E é o momento de vermos tudo em ação que me leva ao conto “Rosa de fogo”, que acho que é um dos meus favoritos – mas, sendo sincera, fica difícil escolher um favorito. Abusando da fantasia que é capaz de criar, Safón construiu um conto com um pézinho no terror que faz o leitor querer ler mais sobre a catástrofe que está acontecendo nas páginas (sim, esse é o nível que o autor faz o leitor desejar: ler mais sobre o terror espalhado por 7 dias e 7 noites) que são poucas demais e mereciam mais. O que me transporta ao conto “Uma senhorita de Barcelona” e a trágica história de Laia, que quase me levou as lágrimas – não estou brincando. Aproveitando o clima de final de ano, não poderia deixar de mencionar o clima adoravelmente estranho de “Lenda de Natal” e a forma como Zafón nos fazia embarcar em tudo que escrevia. Mas, pensando enquanto escrevia essa resenha, acredito que talvez meu conto favorito seja “Sem Nome”, pelo peso que carrega e pela brutalidade contida em suas páginas – nunca saber o nome de alguém que é tão importante em sua vida parece algo cruel demais.

Diz o provérbio que um homem deve caminhar enquanto ainda tem pernas, falar enquanto ainda tem voz e sonhar enquanto ainda conserva a inocência, porque, mais cedo ou mais tarde, não poderá mais ficar em pé, não terá mais fôlego e não perseguirá sonho algum além da noite eterna do esquecimento.

Muitos desses contos são realmente pequenos, com menos de 10 páginas, por isso não estou mencionando um à um e nem fazendo grandes comentários sobre eles com o intuito de preservar você, que me lê, de receber qualquer spoiler a mais. Esse universo é tão rico, tão vasto, tão bem escrito, tão maravilhoso que tudo que eu posso (e quero) fazer é recomendar a leitura imediatamente para todos vocês. Completam ainda a listagem de contos, fora os que mencionei acima: “Blanca e o adeus”, “Alicia, ao amanhecer”, “Homens cinzentos”, “A mulher de vapor”, “Gaudí em Manhattan” e “Apocalipse em dois minutos”.

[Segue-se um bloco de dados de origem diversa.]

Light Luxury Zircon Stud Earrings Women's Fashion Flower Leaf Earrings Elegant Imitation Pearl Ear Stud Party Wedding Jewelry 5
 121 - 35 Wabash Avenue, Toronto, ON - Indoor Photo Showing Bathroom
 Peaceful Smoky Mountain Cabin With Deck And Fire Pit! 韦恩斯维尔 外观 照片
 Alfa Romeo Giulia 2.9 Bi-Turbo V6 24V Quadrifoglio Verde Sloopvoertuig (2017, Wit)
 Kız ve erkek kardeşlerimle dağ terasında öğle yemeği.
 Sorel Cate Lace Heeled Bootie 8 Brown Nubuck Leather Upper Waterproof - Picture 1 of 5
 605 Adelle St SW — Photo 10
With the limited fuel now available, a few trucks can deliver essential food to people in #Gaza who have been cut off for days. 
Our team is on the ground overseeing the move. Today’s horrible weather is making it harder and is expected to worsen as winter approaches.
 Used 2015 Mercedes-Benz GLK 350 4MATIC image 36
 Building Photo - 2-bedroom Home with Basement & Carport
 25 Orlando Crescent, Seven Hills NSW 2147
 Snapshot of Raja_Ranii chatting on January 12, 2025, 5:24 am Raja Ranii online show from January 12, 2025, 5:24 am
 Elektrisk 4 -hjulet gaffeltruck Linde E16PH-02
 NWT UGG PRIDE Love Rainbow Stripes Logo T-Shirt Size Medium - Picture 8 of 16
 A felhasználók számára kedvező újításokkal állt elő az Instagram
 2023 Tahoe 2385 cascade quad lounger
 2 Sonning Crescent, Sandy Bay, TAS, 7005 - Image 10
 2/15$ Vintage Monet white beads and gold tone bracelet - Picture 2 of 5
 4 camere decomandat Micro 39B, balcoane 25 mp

Uma coisa que muito me consola é saber que o corpo físico de Zafón não caminha mais sobre essa terra, mas, assim como seu Cemitério de livros, que guardam palavras que precisam ser lidas e conhecidas pelo mundo, seus livros aqui ficarão. Nós, leitores, o perpetuaremos, exatamente como precisa ser. Se você ainda não conhece o autor e sua obra, a hora chegou.